Exercise materials:
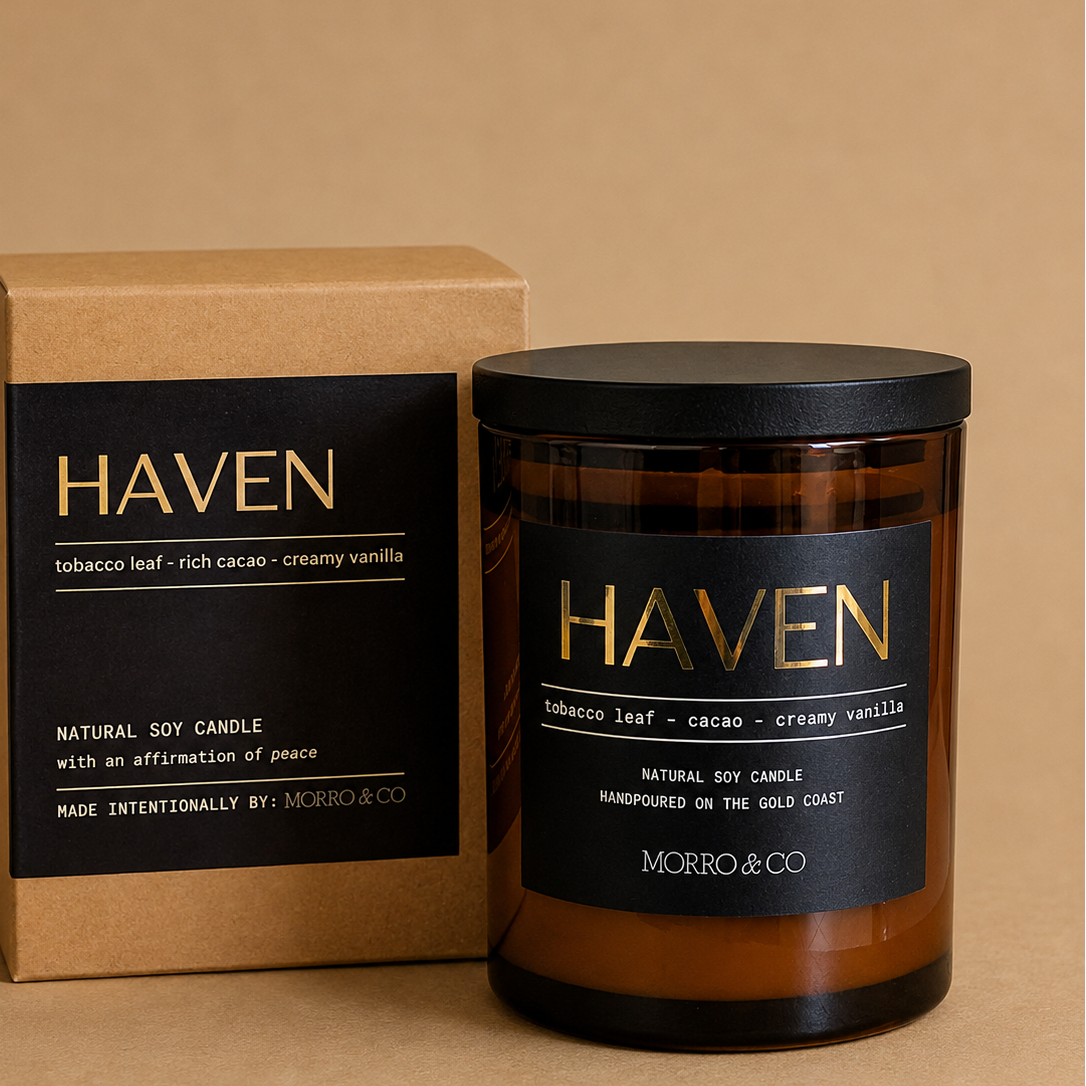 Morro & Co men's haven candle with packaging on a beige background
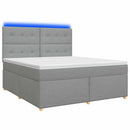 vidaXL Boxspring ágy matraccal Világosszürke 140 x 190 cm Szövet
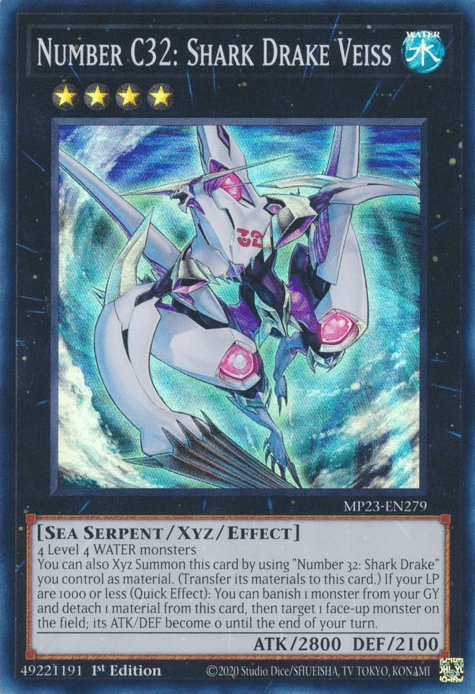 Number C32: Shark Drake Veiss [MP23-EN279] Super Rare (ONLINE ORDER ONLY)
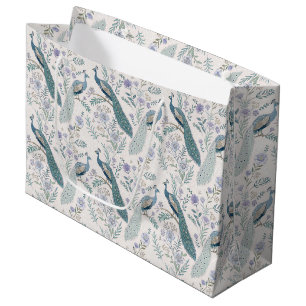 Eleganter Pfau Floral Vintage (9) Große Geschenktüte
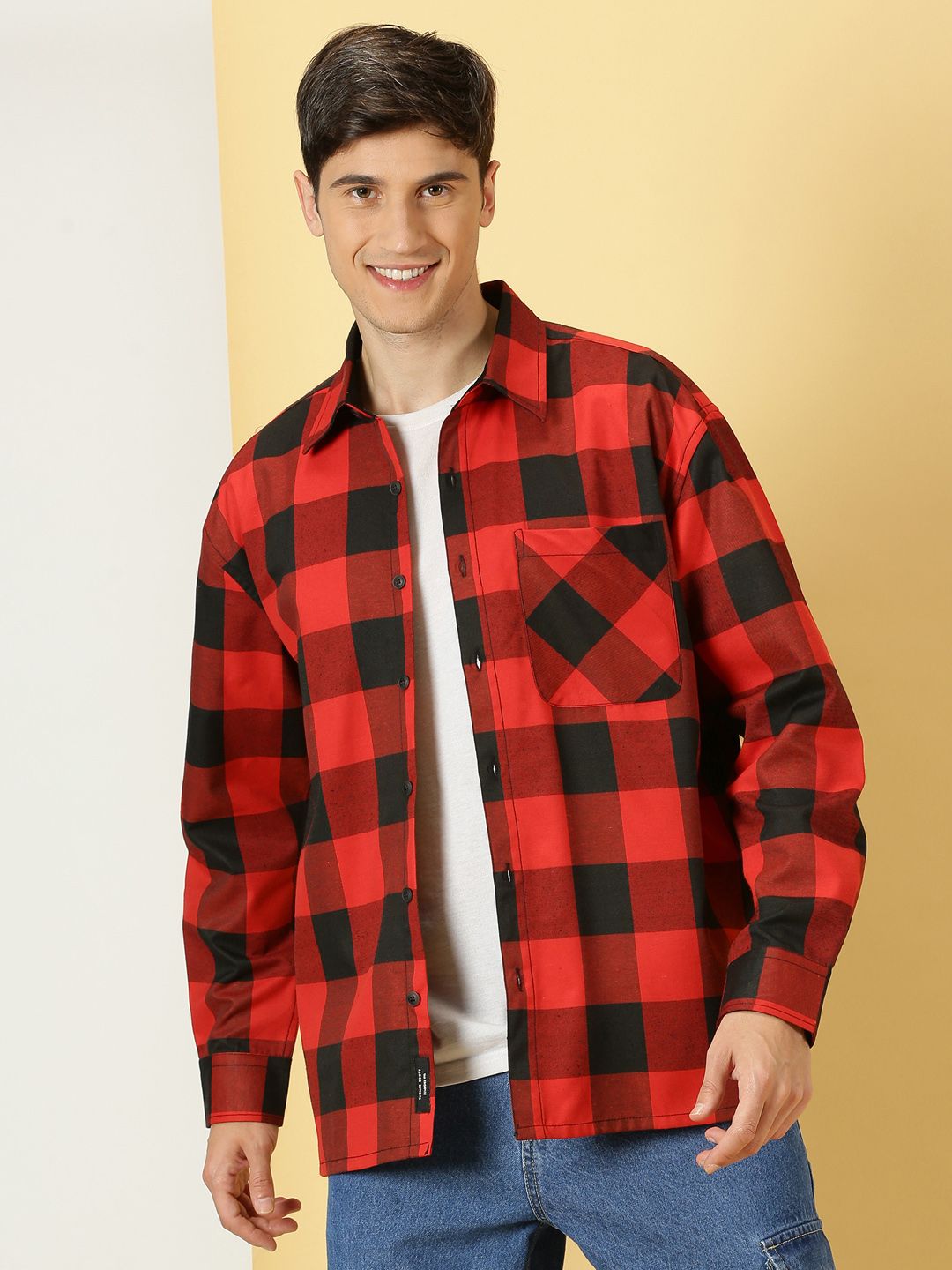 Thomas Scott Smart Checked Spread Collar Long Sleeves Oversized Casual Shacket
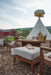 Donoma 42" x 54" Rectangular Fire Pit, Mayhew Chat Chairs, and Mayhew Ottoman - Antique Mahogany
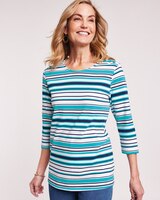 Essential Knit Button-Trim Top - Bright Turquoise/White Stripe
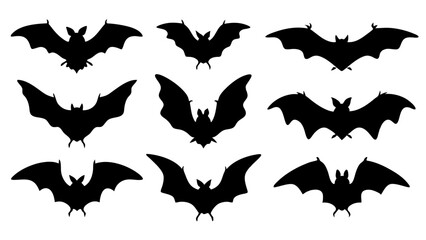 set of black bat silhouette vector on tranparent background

---

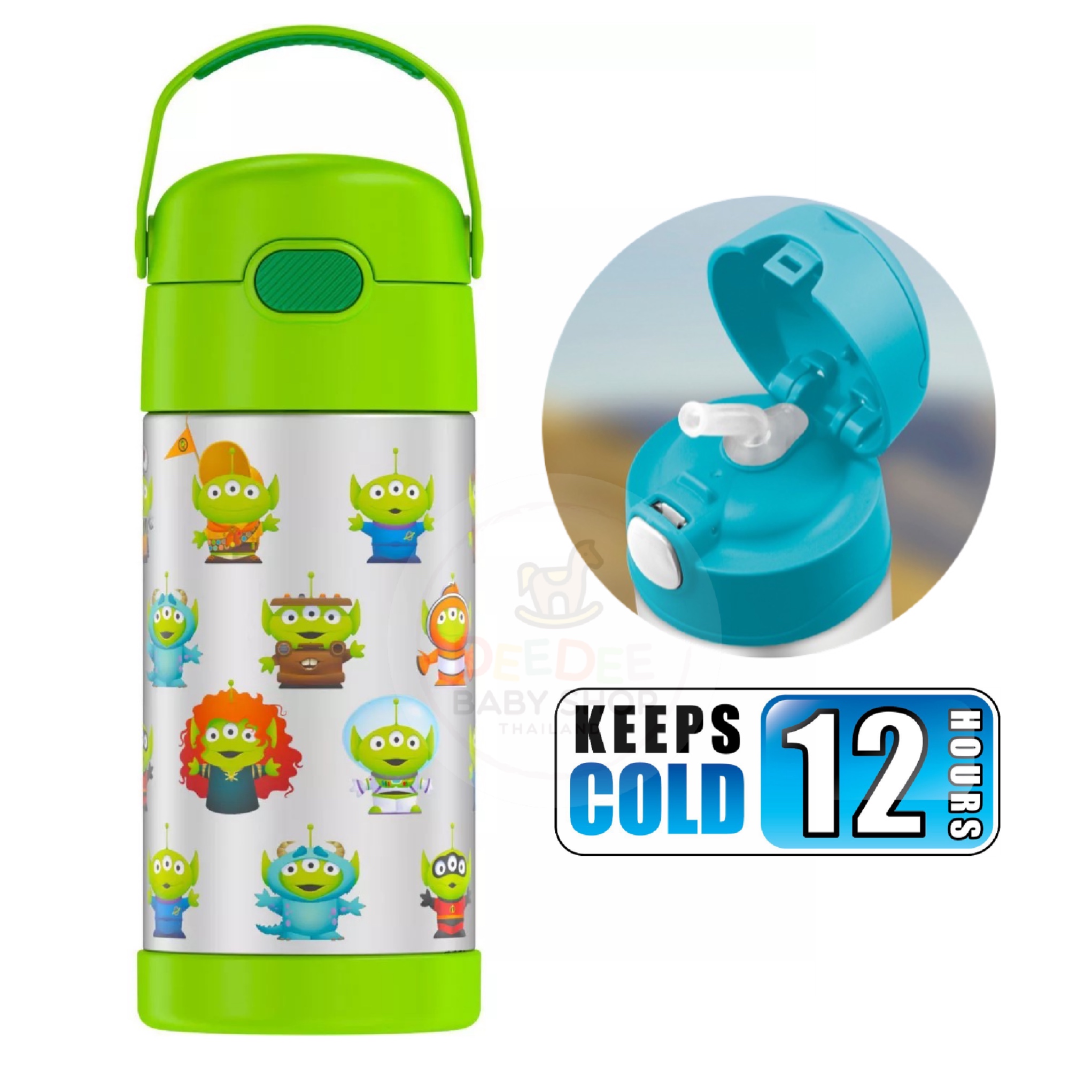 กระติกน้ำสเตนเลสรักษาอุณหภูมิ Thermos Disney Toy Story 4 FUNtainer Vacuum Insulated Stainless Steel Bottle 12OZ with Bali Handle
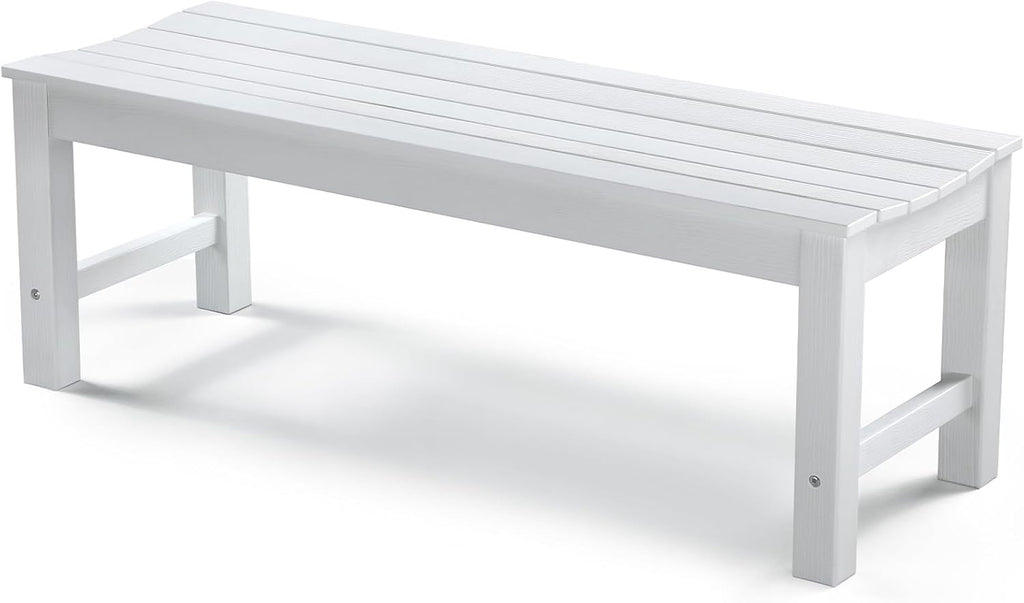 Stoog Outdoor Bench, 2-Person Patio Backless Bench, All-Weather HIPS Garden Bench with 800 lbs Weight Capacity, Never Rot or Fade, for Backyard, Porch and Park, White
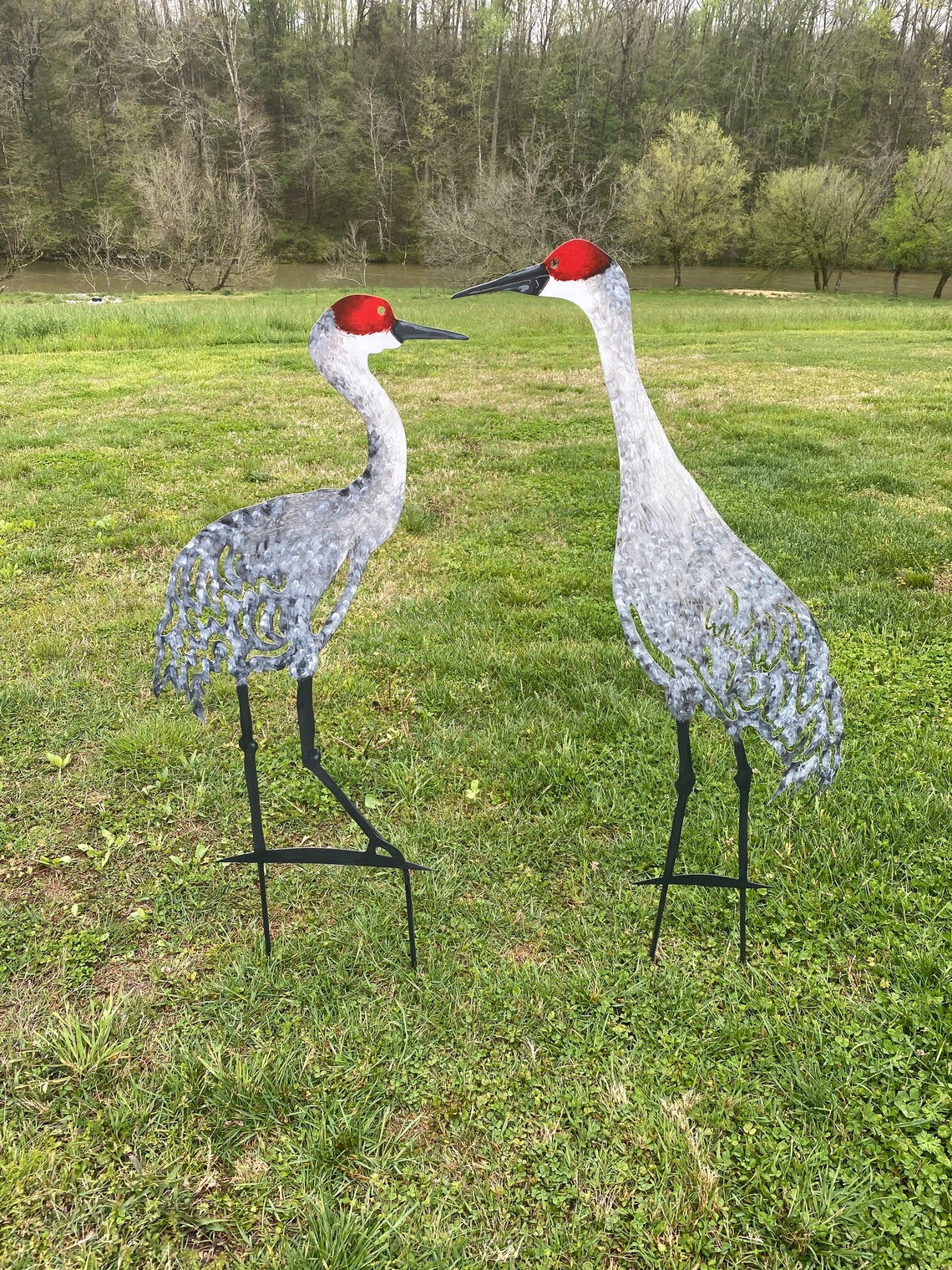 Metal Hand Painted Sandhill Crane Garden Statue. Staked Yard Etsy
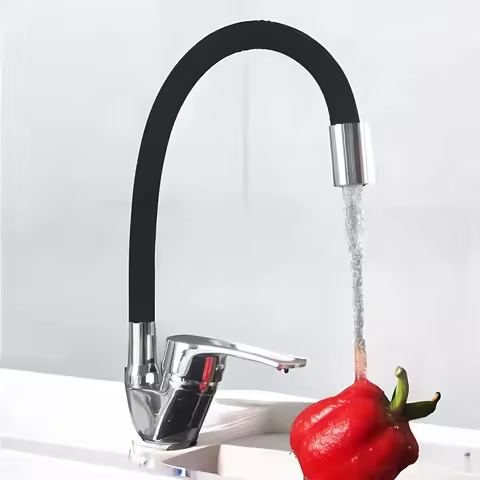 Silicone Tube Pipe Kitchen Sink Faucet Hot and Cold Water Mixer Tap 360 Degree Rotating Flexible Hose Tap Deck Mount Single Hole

Aim of the exercise:
Take only the lines above from the one that has "- Antique Mahogany" through the one that has "set of black" and reproduce them exactly, omitting any pictures.

Result of this exercise:
 Donoma 42" x 54" Rectangular Fire Pit, Mayhew Chat Chairs, and Mayhew Ottoman - Antique Mahogany
 Essential Knit Button-Trim Top - Bright Turquoise/White Stripe
 set of black bat silhouette vector on tranparent background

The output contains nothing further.